June 20, 2008 / 1:41 AM / 11 years ago

EBay, PayPal offer new perks to buyers and sellers

SAN FRANCISCO (Reuters) - EBay Inc buyers and sellers using its PayPal online payments service will be protected from fraud for the full value of auction purchases, expanding a more limited program, eBay said on Thursday.

The eBay headquarters in San Jose, California is seen in an undated handout photo. REUTERS/eBay/Handout

The company, fighting to keep sellers off rivals such as Amazon.com Inc, also said sellers with top ratings would get an improved 20 percent discount on auction fees.

EBay has been taking steps this year to reward its best sellers and give new incentives to buyers, including coupons.

Later this year, eBay will refund buyers using PayPal up to the full price of items bought on the site in case of fraud. Sellers will be protected from fraudulent credit card use.

The moves — to be detailed on Friday at eBay Live, the company’s annual conference for its top sellers taking place in Chicago this week — are designed to boost trust in the eBay marketplace as part of a plan to revive growth in its auction business, which has seen slowing growth in recent years.

Customer feedback and ratings of sellers, key ways for them to win buyers’ trust on eBay, is one focus in dozens of changes it is making in how buyers and sellers interact. Sellers with feedback ratings of 4.9 on a 5.0 scale get the new discount.

“Buyer and seller protection will become the hallmark of eBay,” Lorrie Norrington, president of eBay marketplace operations, said in an interview ahead of her Friday speech.

PayPal Buyer Protection covers undelivered items and items that are significantly not as described. Later this year, PayPal will remove existing coverage limits where buyers in many cases were only protected up to $200 in purchase value.

PayPal’s increased buyer and seller protections will take effect before the holiday shopping season. Similar protections were recently announced for eBay customers in Australia.

Buyer protection was initially introduced in 2004 and has gradually expanded. So-called “power sellers,” who often have shops set up on eBay, were offered the protection this year.

Now all transactions will be covered, and the number of sellers covered will be increased 30-fold, Norrington said.

An estimated 1.3 million people make a living selling goods or services on eBay. The offer covers those shipping to buyers in any of the 190 markets worldwide where PayPal is accepted.
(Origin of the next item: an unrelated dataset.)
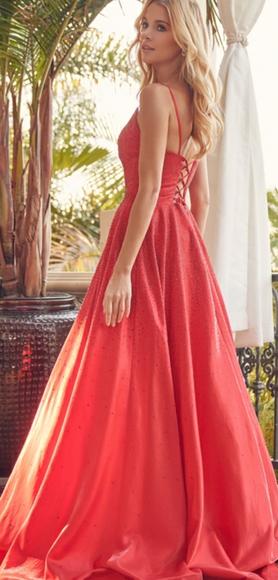 V neck and stone formal evening maxi ball gown - Picture 7 of 8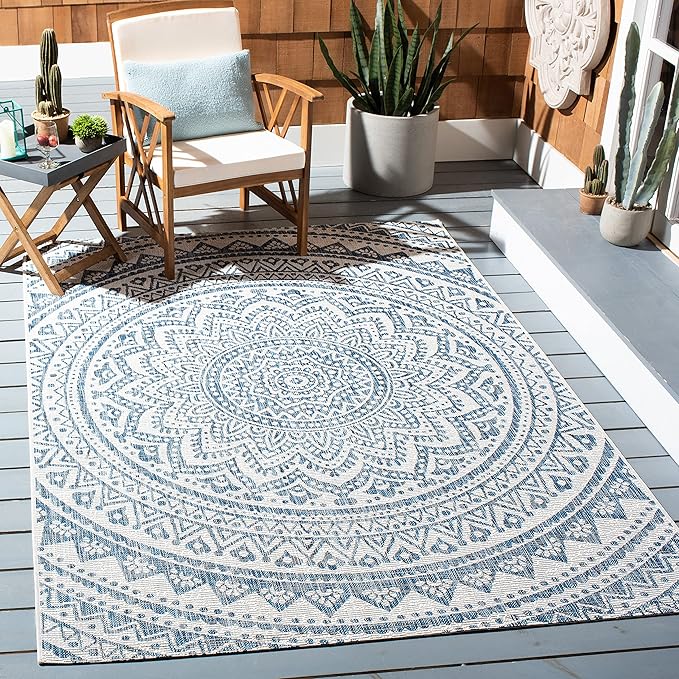 SAFAVIEH Courtyard Collection 2'7" x 5' Ivory/Navy CY8734 Indoor/ Outdoor Waterproof Easy Cleaning Patio Backyard Mudroom Area Rug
“The seller does not bear the risk as they do with credit cards,” Norrington said. “There is a step change (improvement) with sellers in safety.”

There are some 84 million active eBay users. Three-quarters of U.S. auction listings are paid for with PayPal, and nearly 60 percent of PayPal payments are made on eBay.
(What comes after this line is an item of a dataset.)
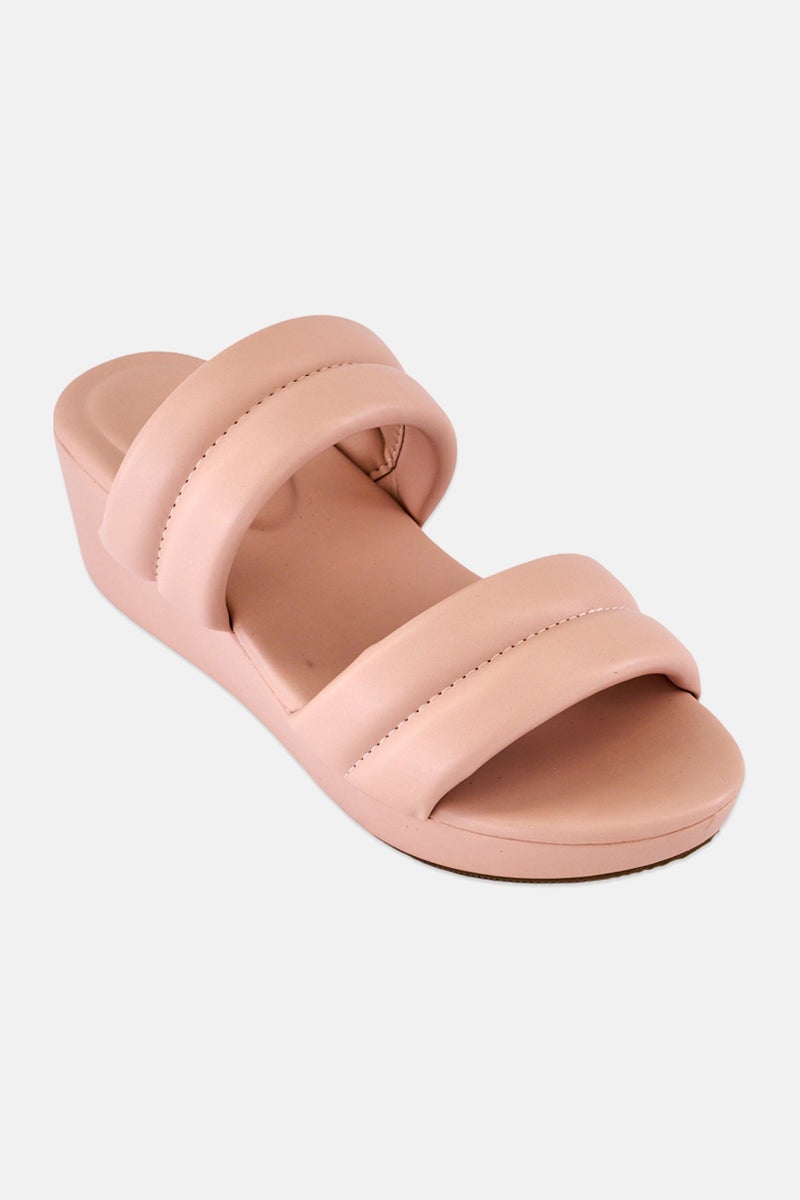 Vincci Women Platform Slip On Sandals, Pink - Image 1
The company is testing various loyalty programs and plans to distribute millions of discount coupons to eBay buyers by the end of June, with the bulk going to U.S. customers.
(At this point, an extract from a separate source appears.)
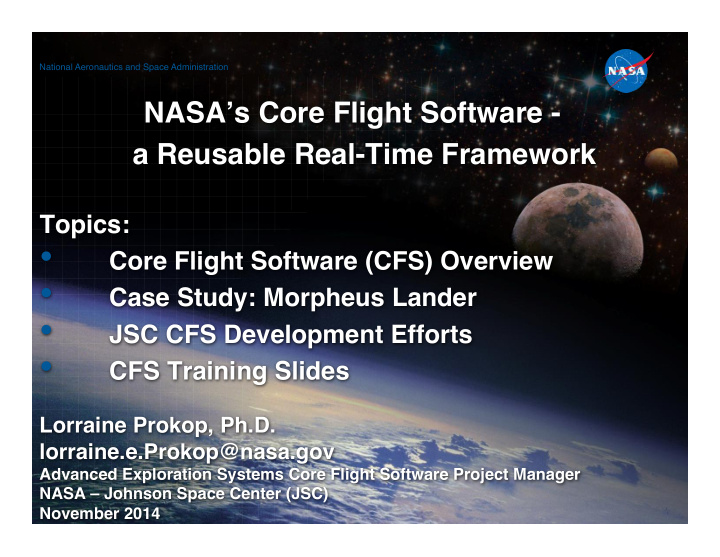 core flight software cfs overview case study morpheus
In addition, top sellers have been given priority ranking in search results. Listing fees have been cut in many cases, as eBay has shifted to charge more for successful transactions.

The San Jose, California-based company also has raised listing standards to discourage overcharging on shipping or not describing items accurately.

In other moves aimed at keeping buyers from going to Amazon and classified site Craigslist.com instead, eBay plans to offer toll-free phone support to top customers this holiday season.

EBay began experimenting this month with a radical redesign to give buyers on its Italian site a more comprehensive view of items, with those up for auction and those sold in fixed-price shopping formats appearing on the same page, Norrington said.

On Monday, Stifel Nicolaus analyst Scott Devitt upgraded his investment rating to “buy” on eBay, based on recent changes made to tighten up sales procedures and make it easier for buyers to find products for sale.

“EBay is forcing sellers to treat buyers better,” Devitt wrote in a research note to investors. “(It) is making positive progress in its efforts to increase trust on the site.”